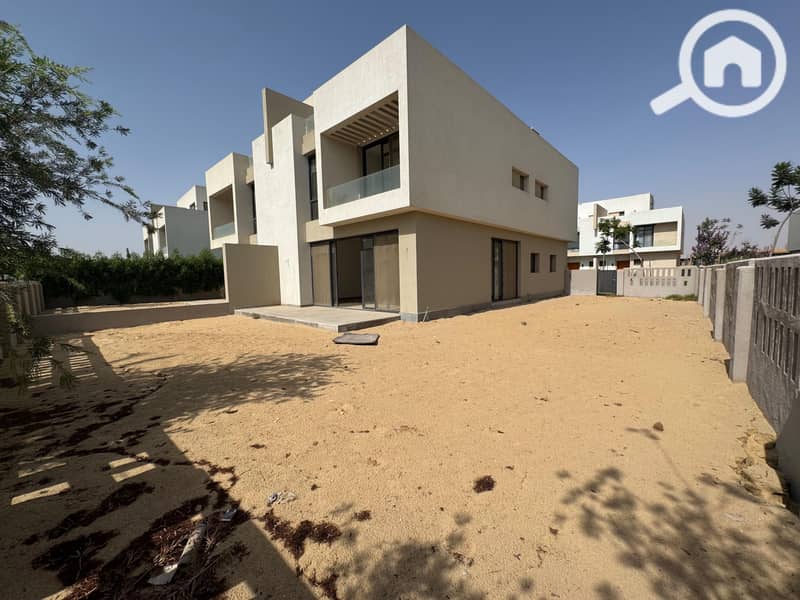 11 WhatsApp Image 2025-12-29 at 4.58. 51 PM. jpeg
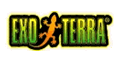 Exoterra Logo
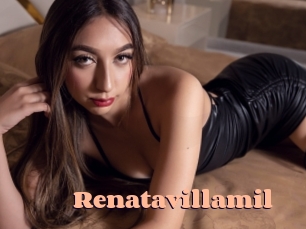 Renatavillamil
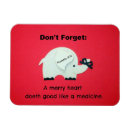 Buscar proverbios 17 tarjetas Biblia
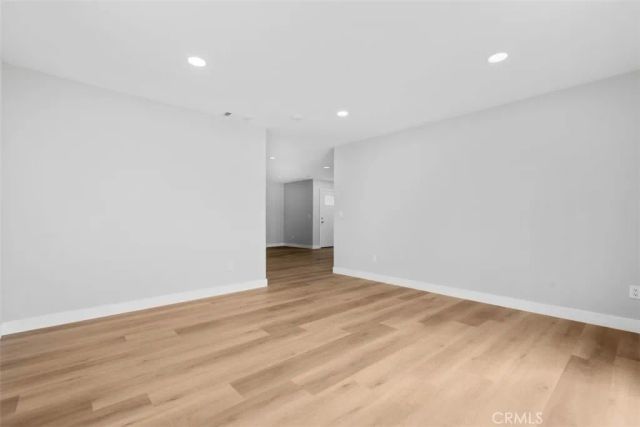 2904 Colima, San Bernardino, CA 92407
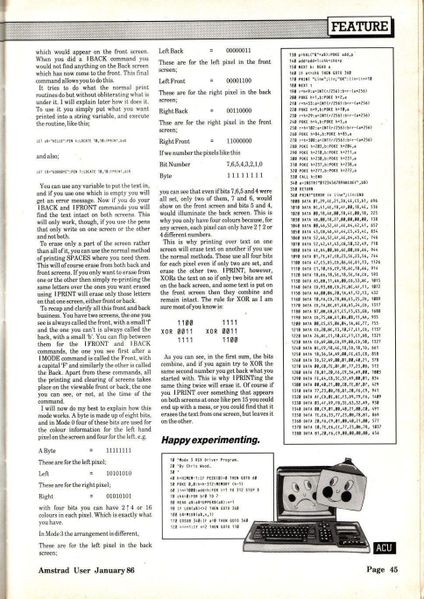 File:AmstradComputerUser14-0186 page 0045.jpg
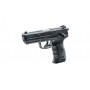 Zračna pištola Heckler & Koch 45 4,5mm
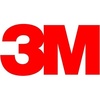 5-inch (Pack of 36)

→ **TASK GOAL**: Once the line holding "File:AmstradComputerUser14-0186 page 0045.jpg" is found, set it down along with every line after it through the end of the entries, exactly, leaving the pictures out.

→ **RESULT OF THIS EXERCISE**:
 File:AmstradComputerUser14-0186 page 0045.jpg
 Zračna pištola Heckler & Koch 45 4,5mm
 5-inch (Pack of 36)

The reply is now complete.